According to his great grandson Betrand Laferrière, the relatively little-known photographer Félix Thiollier probably began his photographic experiments as early as 1860, although his main output dates from 1880 until the early 1900s.
Thiollier was born in the provincial French town of Saint-Étienne, the youngest child of a wealthy ribbon manufacturer. After working first in the family business, Thiollier opened his own textile factory and was so successful that, by 1879, he was able to retire in order to pursue other more scholarly and artistic activities.

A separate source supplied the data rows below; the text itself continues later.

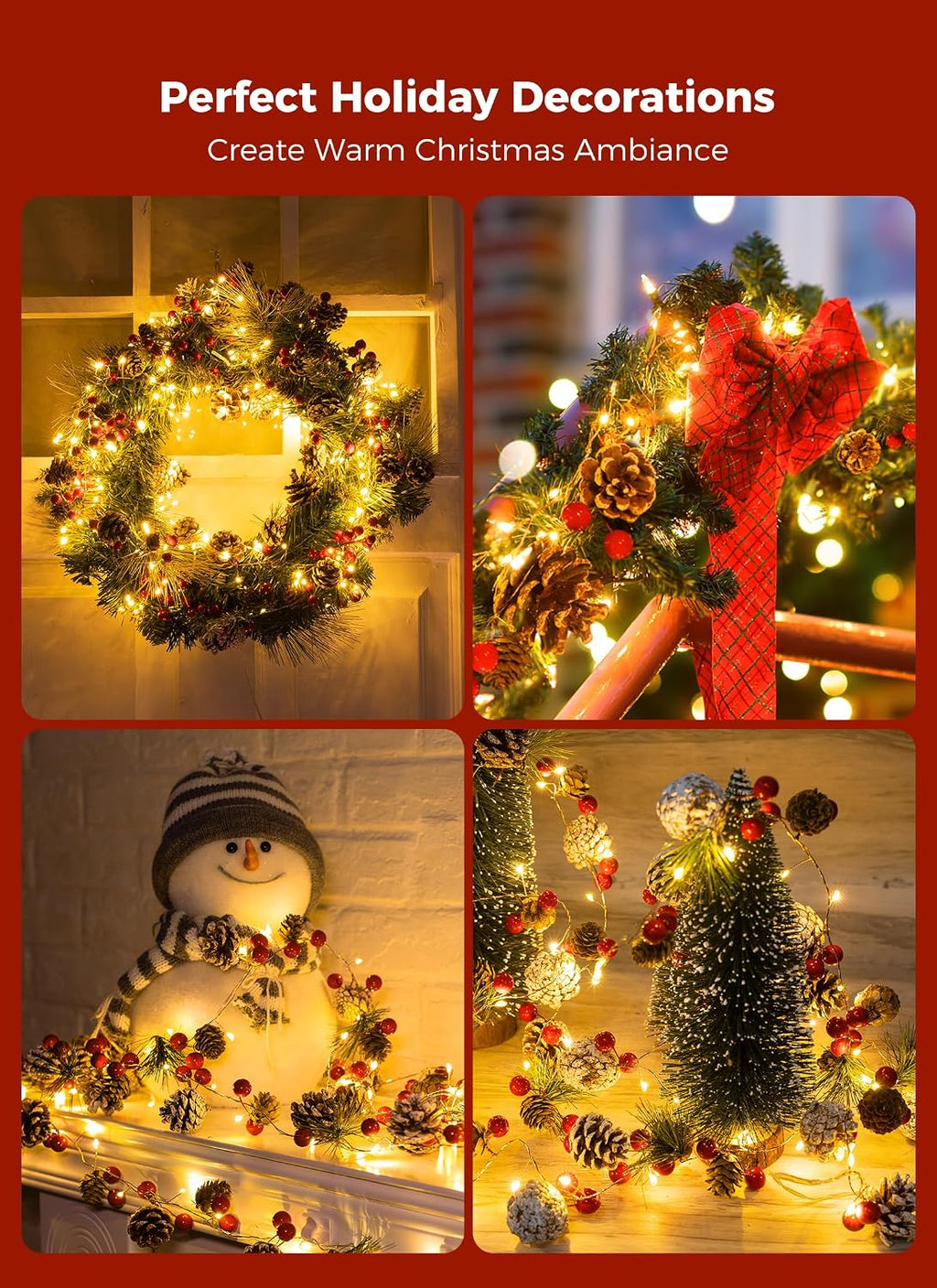 Christmas Pine Lighted Garland Decor,9.8 Ft 60 LED with 8 Modes 2PC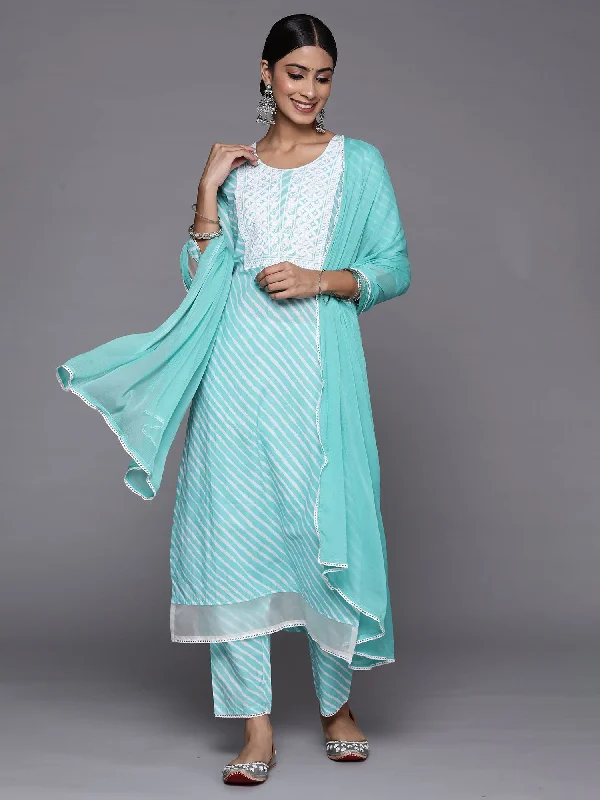Women's Blue Embroidered Straight Kurta Trousers With Dupatta Set - Indo Era Trousers Exclusive Limited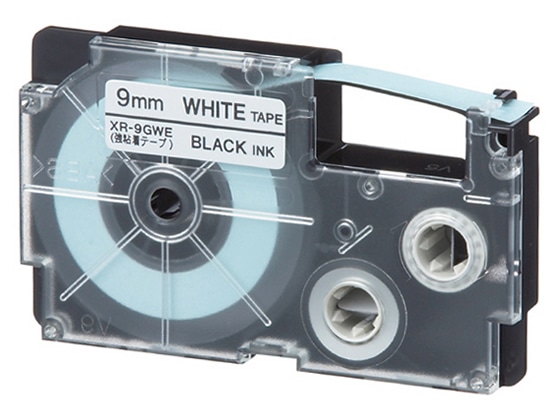 カシオ ネームランド用テープ 強粘着 9mm 白 黒文字 XR-9GWE 1個(ご注文単位1個)【直送品】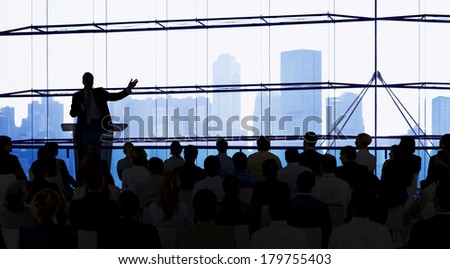 Silhouette of Large Business Presentation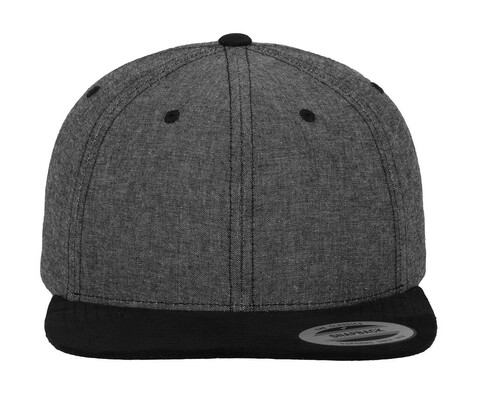Flexfit Chambray-Suede Snapback, Black/Black, One Size bedrucken, Art.-Nr. 638681510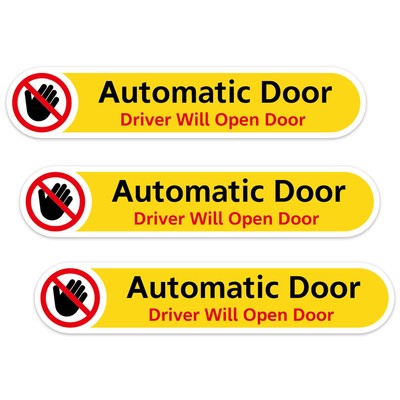 3Pcs Automatic Door Driver Will Open Door Sign Car Decal Warning Stickers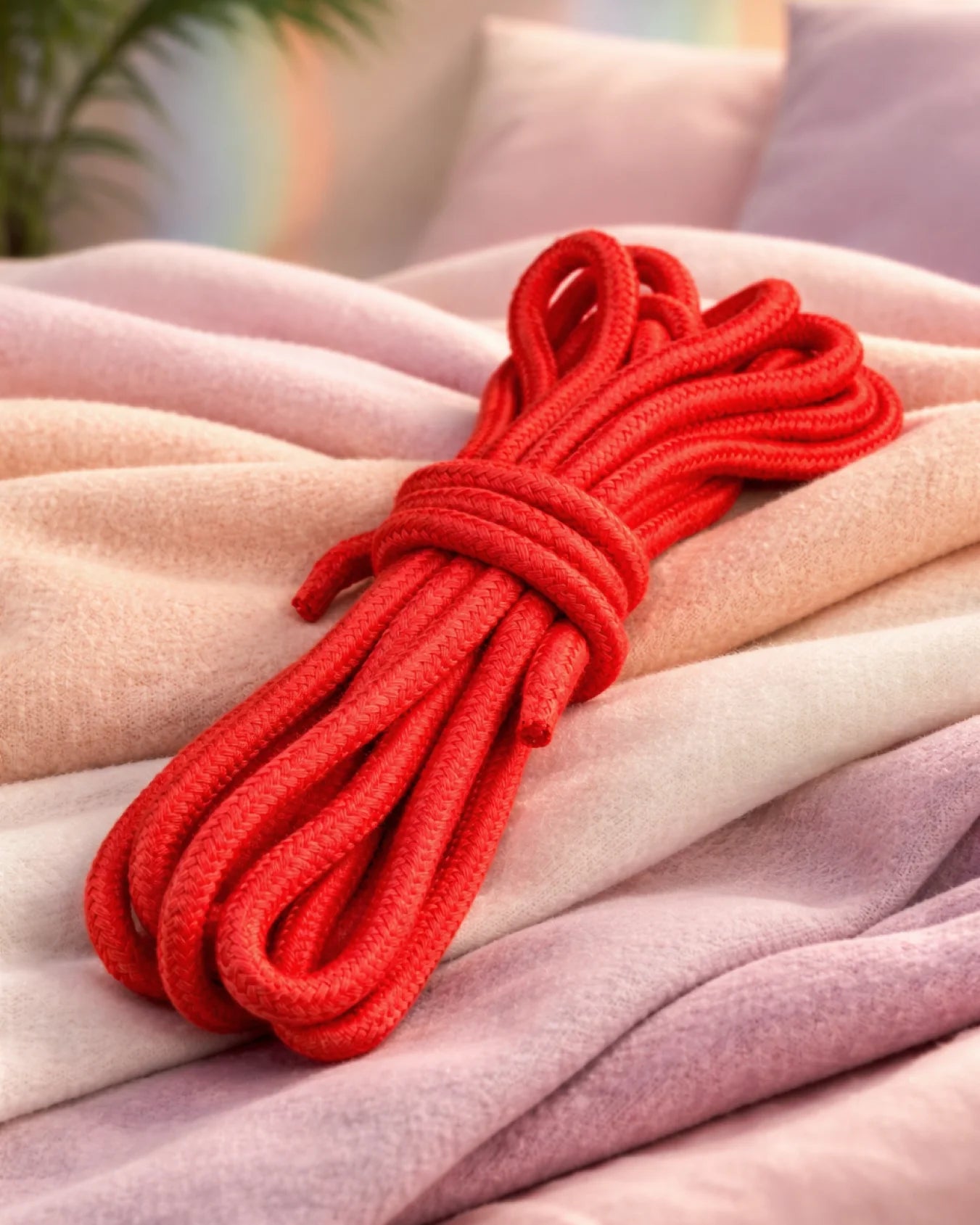 Red cotton bondage rope on bed for beginner BDSM restraint and comfortable rope tying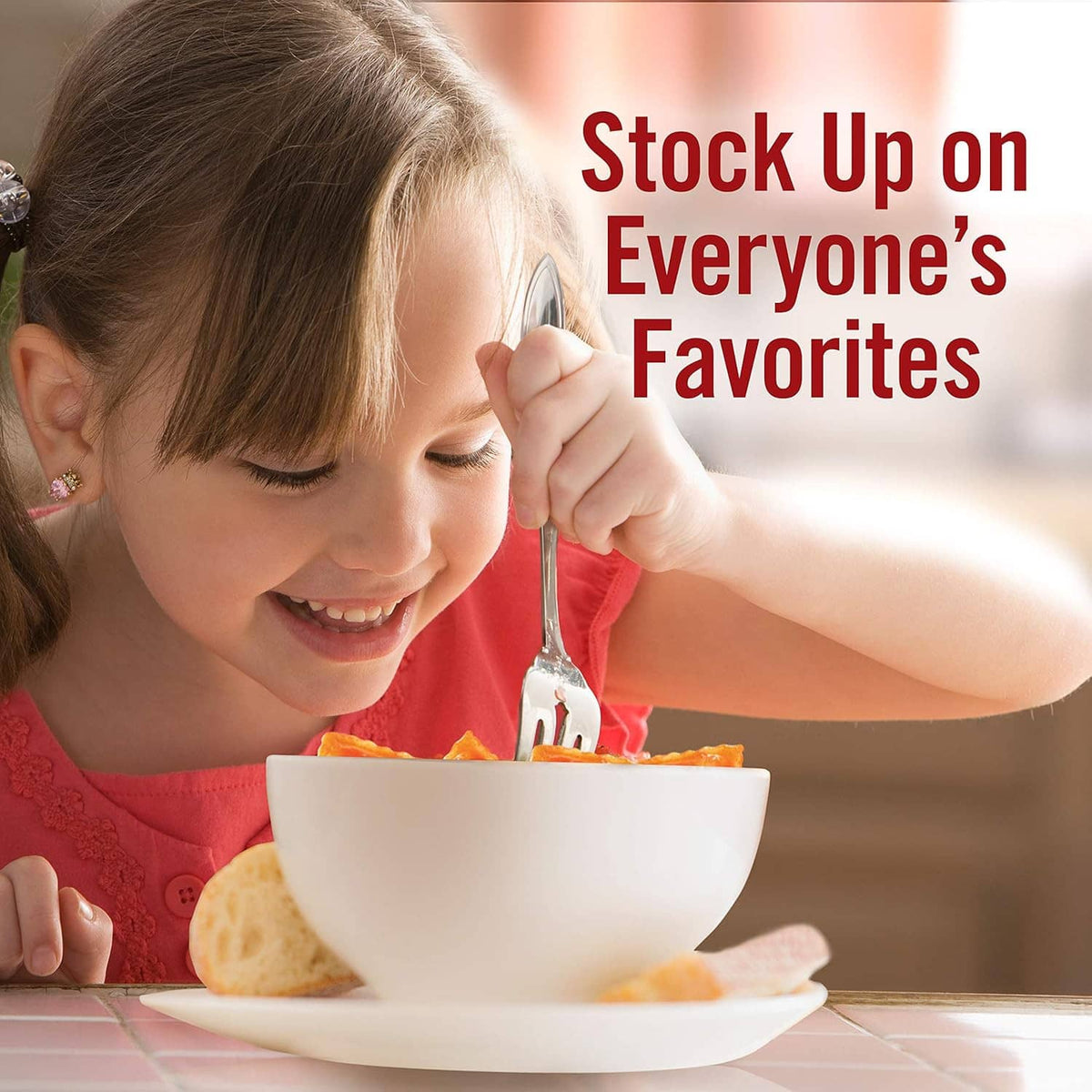 Child eating from a bowl with Chef Boyardee Overstuffed Beef Ravioli theme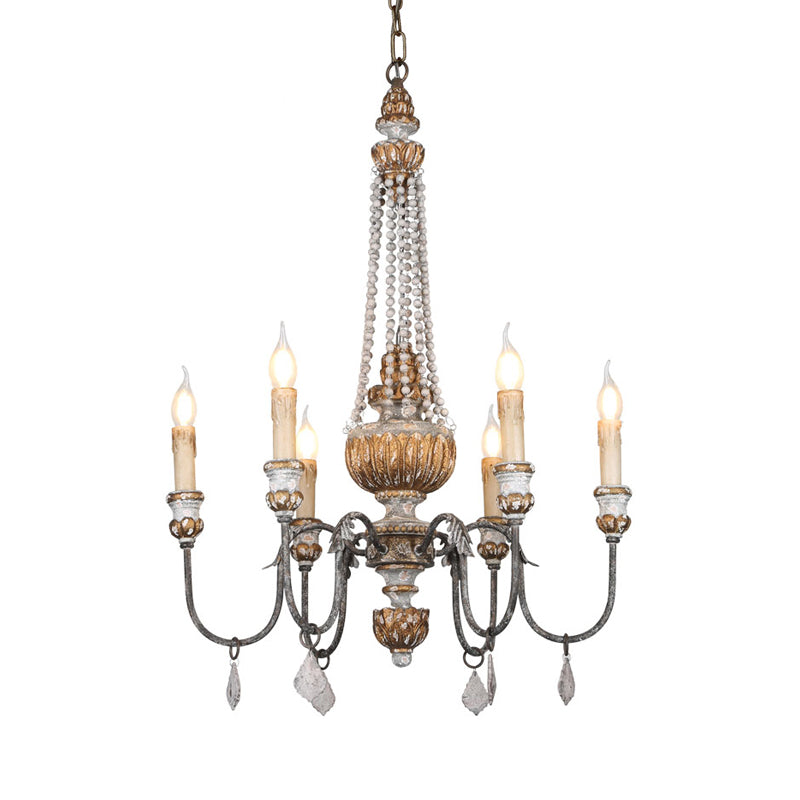 Rust Sputnik Chandelier Lamp Retro 6 Heads Metal Ceiling Pendant Light with Flat Drop for Living Room
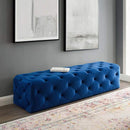 Button Tufted Velvet Ottoman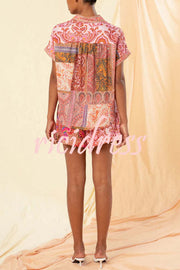 Meina Linen Blend Muti Floral Print Shirt and Elastic Waist Pocketed Shorts Set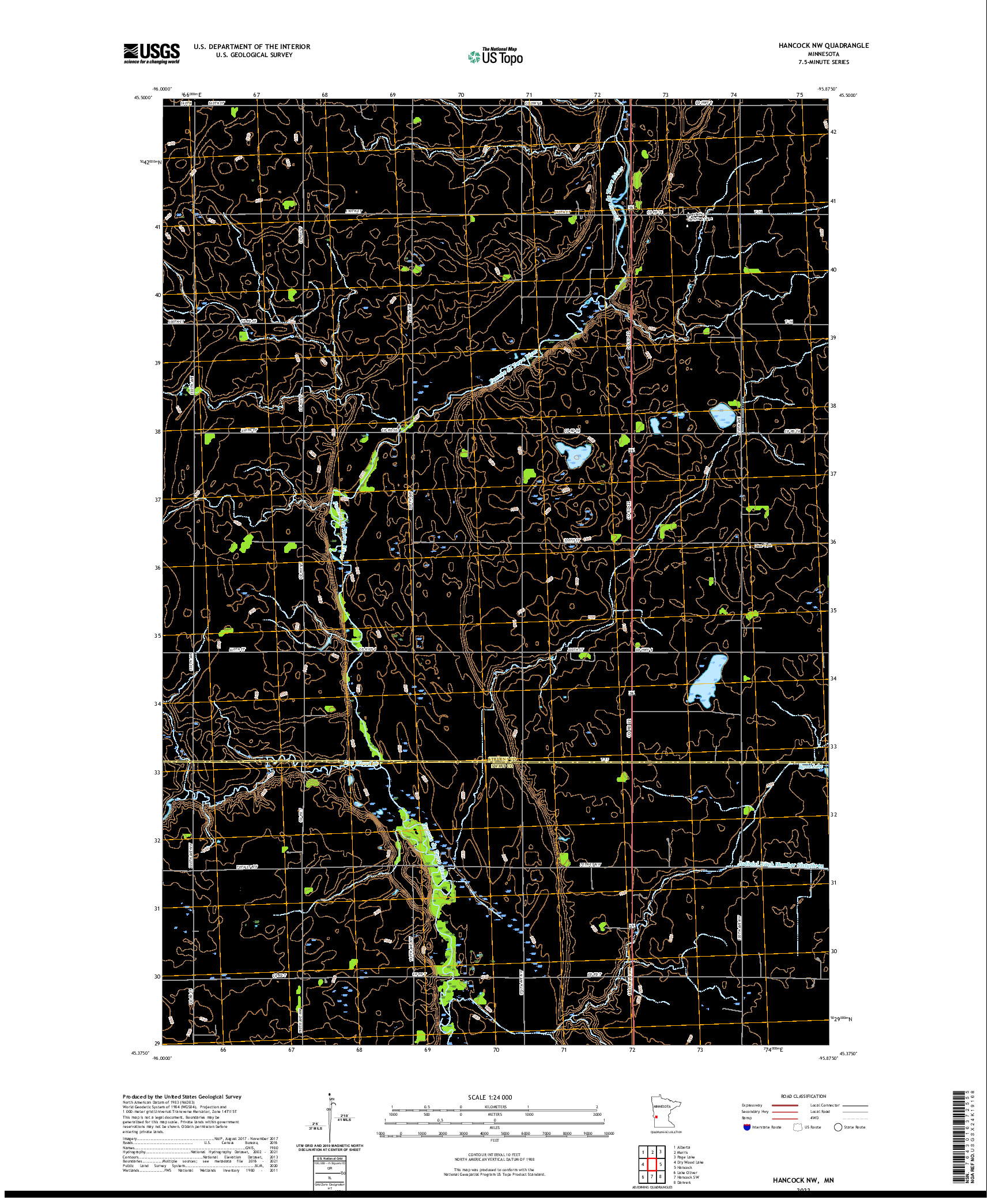 US TOPO 7.5-MINUTE MAP FOR HANCOCK NW, MN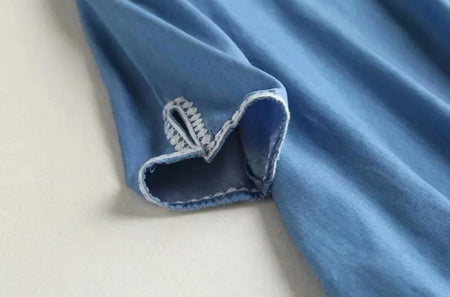 Riba Statement Summer Dress In Blue - close-up of cuff detail - Miss Mosa By Akanksha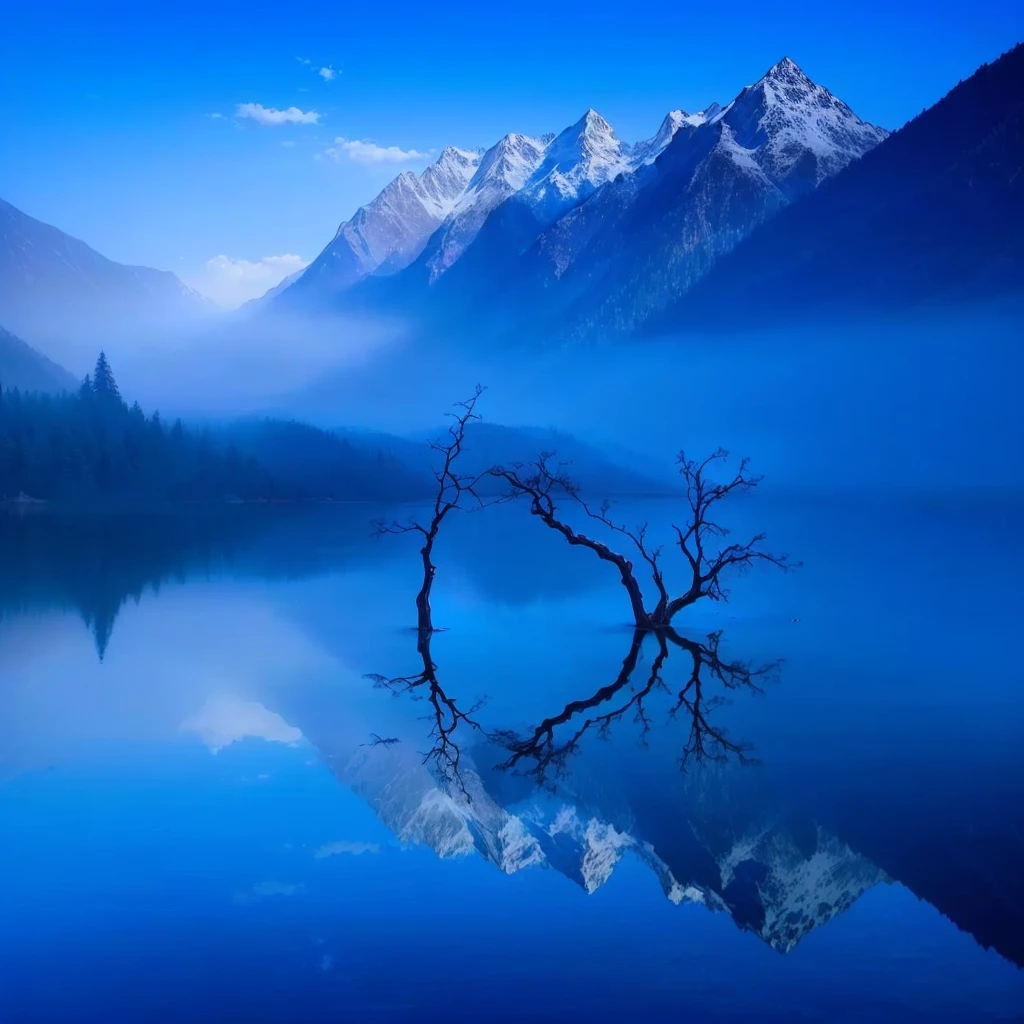 Arav tree branch in the middle of the lake,Mountains in the background, Blue reflection, Clear reflection, Still water like a mirror, Reflections on the water, reflection on the lake, beautiful reflexions, Reflections in water, cold blue colors, Water reflection, Blue fog, Water reflection, Reflections in water, mystical Blue fog, pretty lake, incredible reflection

Although Thiollier spent his life in his provincial birthplace, he also made extensive visits to Rome and Paris and counted among his circle of friends a number of painters and photographers from the Barbizon and Fontainebleau Schools.
Like many wealthy 'independents' of his generation, Thiollier can be regarded as an empirical amateur, neither caring to join organized photographic societies, nor exhibit his own prints. While Thiollier did not believe that the new medium could equal painting, he nonetheless regarded it as an artistic activity in its own right and his work, including these remarkable tree studies, was influenced by the prevalent taste for realism and the picturesque. His prints bear the stamp of his aesthetic - that the beauty of nature should be respected through a careful choice of motif and faithful reproduction.
Fifteen photographs by Thiollier are now in the collection of the Musée d'Orsay's, Paris. His work was also the subject of a retrospective at the Musée d'Art Moderne in St. étienne in 1996.
Works by Thiollier are considered rare.